La génèse, des SS à l’OAS

Si d’anciens Waffen-SS, membres de l’armée raciale et politique du parti nazi pendant la Seconde Guerre mondiale, sont bien à l’origine du Front National, à l’image de Pierre Bousquet, engagé dans la Division Charlemagne pour combattre la Russie soviétique dans les rangs de la Wehrmacht (armée allemande), le FN est également fondé, le 5 octobre 1972, par des anciens collaborateurs sous l’Occupation, notamment François Bigneau, milicien sous Vichy.

D’autres membres historiques du FN appartiennent alors au groupuscule néofasciste Ordre-Nouveau, et beaucoup d’entre eux étaient engagés à l’Organisation armée secrète ou OAS, structure rassemblant des officiers militaires opposés aux mouvements de libération des colonies et attachés à l’Algérie française.

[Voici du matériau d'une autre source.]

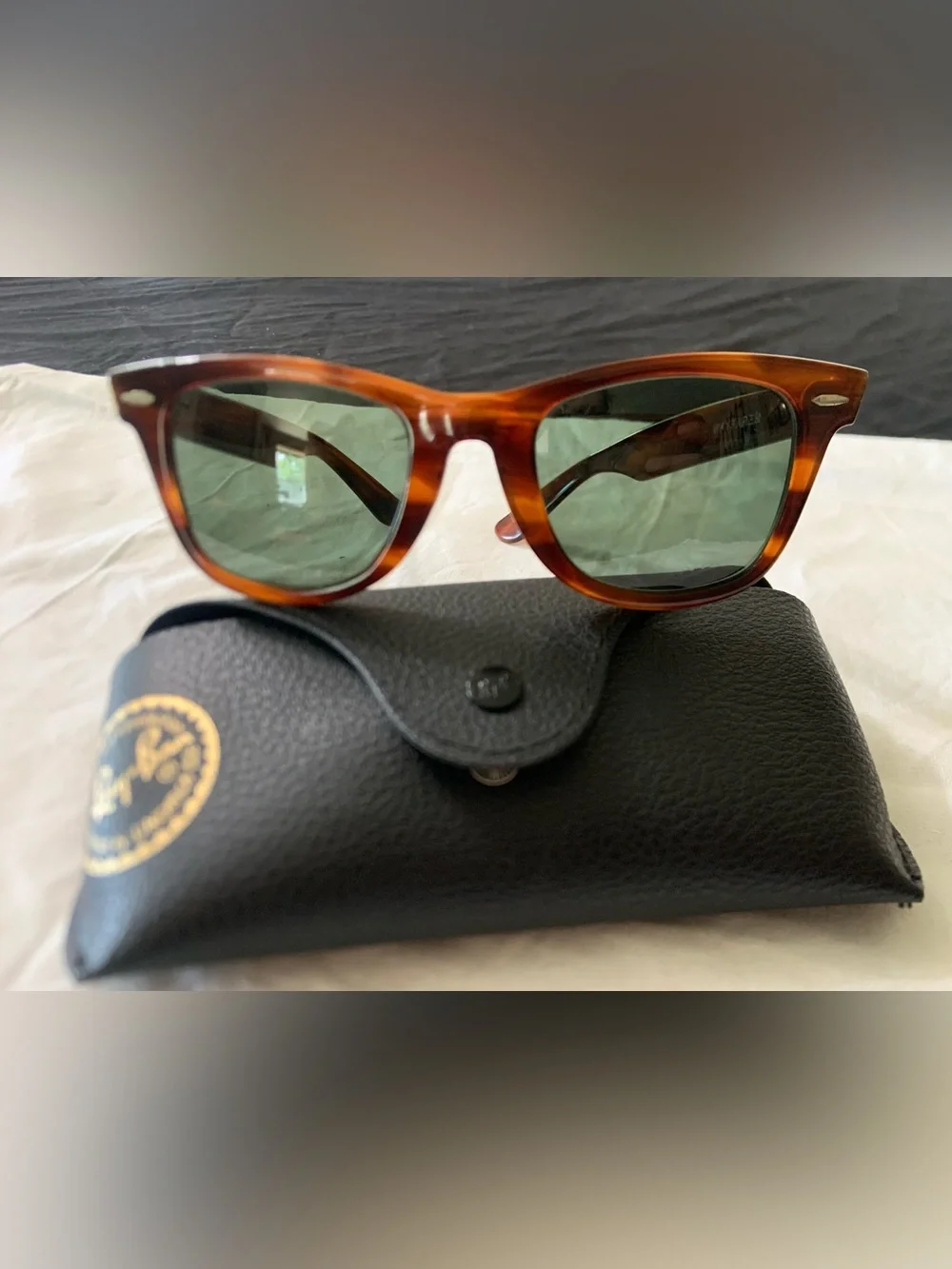 Ray-Ban Tortoise Frame Sunglasses with Green Lenses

Le 22 août 1962, quelques semaines après avoir reconnu l’indépendance de l’Algérie, Charles de Gaulle, alors chef de l’État, échappe avec sa femme par miracle – et grâce à un chauffeur n’ayant rien à envier aux meilleurs pilotes automobiles – à une tentative d’assassinat. L’attentat du Petit-Clamart, durant lequel la Citroën DS 19 présidentielle est criblée de balles par armes automatiques, fut organisé par l’OAS. De tous temps et partout, le terrorisme, groupusculaire ou d’État, est le moyen d’action privilégié par l’extrême-droite dès lors qu’elle est parvenue à une masse critique, lui permettant de gagner le pouvoir ou de le faire vaciller.

Manipulation des mots

En se revendiquant aujourd’hui de la figure du général de Gaulle, tout en étant présidé par un homme qui a déclaré qu’il « ne croi[t] pas que Jean-Marie Le Pen était antisémite », le RN de Jordan Bardella brouille les pistes.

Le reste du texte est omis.